Через полгода Том Хейген приехал посмотреть, как у нее идут дела. Каждый месяц сверх положенного жалованья она получала чек на шестьсот долларов. Хейген объяснил, что ей понадобится дать отчет налоговой инспекции, откуда поступают эти деньги, и сказал, чтобы она написала на его имя доверенность, и он оформит ей законный источник дохода. Формально она будет числиться владелицей пяти «пунктов» в игорном бизнесе того отеля, где служит. Обсуждать эту меру ни с кем из посторонних не следует. Ей необходимо пройти через все формальности, предписываемые законами штата Невада, но от нее лично это потребует минимальных усилий, все будет улажено за нее. Не нужно только никому об этом рассказывать без его ведома. Все будет строго по закону, и деньги ей будут поступать каждый месяц, как часы. Если из налогового ведомства придут проверять, ей достаточно будет отослать инспектора к своему адвокату, и ее оставят в покое.

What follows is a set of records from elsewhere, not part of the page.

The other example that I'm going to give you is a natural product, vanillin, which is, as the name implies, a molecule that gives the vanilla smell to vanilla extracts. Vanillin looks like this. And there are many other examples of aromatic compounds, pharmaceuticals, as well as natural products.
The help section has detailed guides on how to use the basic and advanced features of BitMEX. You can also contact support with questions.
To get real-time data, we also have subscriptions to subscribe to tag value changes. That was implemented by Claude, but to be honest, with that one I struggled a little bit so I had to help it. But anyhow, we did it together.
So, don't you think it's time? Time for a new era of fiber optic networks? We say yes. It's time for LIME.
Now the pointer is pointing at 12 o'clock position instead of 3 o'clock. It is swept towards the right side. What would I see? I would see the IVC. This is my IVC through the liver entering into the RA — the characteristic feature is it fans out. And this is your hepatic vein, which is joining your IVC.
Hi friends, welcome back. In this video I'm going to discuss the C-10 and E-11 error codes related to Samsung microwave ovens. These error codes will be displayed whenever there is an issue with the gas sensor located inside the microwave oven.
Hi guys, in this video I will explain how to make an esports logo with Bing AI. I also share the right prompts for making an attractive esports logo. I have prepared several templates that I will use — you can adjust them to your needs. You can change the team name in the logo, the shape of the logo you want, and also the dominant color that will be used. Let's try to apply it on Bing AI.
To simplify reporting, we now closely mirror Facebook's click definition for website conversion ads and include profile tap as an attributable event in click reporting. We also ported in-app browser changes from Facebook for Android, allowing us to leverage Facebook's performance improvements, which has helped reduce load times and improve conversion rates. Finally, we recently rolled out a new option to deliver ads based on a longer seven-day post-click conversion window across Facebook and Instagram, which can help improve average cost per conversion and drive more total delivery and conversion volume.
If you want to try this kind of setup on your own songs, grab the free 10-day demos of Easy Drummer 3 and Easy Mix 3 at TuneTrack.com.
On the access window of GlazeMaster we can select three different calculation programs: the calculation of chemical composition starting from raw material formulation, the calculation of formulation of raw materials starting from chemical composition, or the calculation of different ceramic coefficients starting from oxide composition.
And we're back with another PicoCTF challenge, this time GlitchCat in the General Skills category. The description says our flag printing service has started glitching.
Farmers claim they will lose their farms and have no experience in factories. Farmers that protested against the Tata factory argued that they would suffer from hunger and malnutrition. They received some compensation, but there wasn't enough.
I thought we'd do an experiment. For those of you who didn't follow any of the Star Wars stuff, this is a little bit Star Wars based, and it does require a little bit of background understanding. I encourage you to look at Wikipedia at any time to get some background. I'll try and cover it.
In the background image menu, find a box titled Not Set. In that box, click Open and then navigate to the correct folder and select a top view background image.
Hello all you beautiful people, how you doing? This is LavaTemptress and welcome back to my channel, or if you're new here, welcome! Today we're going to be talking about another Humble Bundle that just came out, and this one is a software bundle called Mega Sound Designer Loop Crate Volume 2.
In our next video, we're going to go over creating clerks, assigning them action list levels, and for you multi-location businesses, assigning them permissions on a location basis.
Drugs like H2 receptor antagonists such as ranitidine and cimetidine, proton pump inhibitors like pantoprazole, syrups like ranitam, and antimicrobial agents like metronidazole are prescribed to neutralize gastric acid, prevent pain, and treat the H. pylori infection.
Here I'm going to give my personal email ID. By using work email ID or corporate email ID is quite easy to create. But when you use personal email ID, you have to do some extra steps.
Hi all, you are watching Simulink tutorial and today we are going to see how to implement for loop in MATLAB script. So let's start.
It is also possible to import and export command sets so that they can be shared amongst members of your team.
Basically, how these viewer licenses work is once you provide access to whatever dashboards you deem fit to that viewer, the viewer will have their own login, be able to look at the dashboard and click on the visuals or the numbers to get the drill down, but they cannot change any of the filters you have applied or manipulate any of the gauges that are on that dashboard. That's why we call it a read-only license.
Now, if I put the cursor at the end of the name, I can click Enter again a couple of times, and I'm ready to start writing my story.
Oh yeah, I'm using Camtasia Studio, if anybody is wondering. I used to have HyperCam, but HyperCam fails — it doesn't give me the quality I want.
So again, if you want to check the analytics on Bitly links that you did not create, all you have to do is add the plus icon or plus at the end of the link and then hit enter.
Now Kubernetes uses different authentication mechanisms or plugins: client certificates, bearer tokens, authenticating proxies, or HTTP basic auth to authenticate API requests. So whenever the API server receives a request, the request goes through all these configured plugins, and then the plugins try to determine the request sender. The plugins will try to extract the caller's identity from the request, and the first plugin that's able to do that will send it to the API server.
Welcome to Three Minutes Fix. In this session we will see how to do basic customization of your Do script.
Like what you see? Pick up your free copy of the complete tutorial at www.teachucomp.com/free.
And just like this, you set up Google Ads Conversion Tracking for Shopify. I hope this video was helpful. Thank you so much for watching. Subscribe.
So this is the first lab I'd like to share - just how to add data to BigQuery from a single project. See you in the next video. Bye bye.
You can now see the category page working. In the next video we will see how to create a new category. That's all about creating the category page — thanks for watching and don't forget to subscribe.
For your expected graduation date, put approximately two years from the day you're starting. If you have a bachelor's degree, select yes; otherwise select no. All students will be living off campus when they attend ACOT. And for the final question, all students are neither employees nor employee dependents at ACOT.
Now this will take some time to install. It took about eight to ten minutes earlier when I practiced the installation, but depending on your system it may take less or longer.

Люси согласилась. Она понимала, что за этим кроется, но не смущалась тем, что ее используют как подставную фигуру. Резонно — услуга за услугу. Но когда Хейген попросил, чтобы она приглядывалась к тому, что происходит в отеле, понаблюдала за Фредди и его хозяином, владельцем отеля и держателем контрольного пакета, у нее вырвалось:
— Шпионить за Фредди? Ой, Том, неужели это обязательно?
Хейген усмехнулся:
— Отец за него тревожится. Очень уж тесную дружбу он свел с Моу Грином, хотим последить, как бы не допрыгался до беды. — Ни к чему было рассказывать ей, что дон не только затем вкладывал деньги в строительство этой гостиницы посреди лас-вегасской пустыни, чтобы обеспечить сыну пристанище, но главным образом, чтобы создать себе плацдарм для захвата новых территорий.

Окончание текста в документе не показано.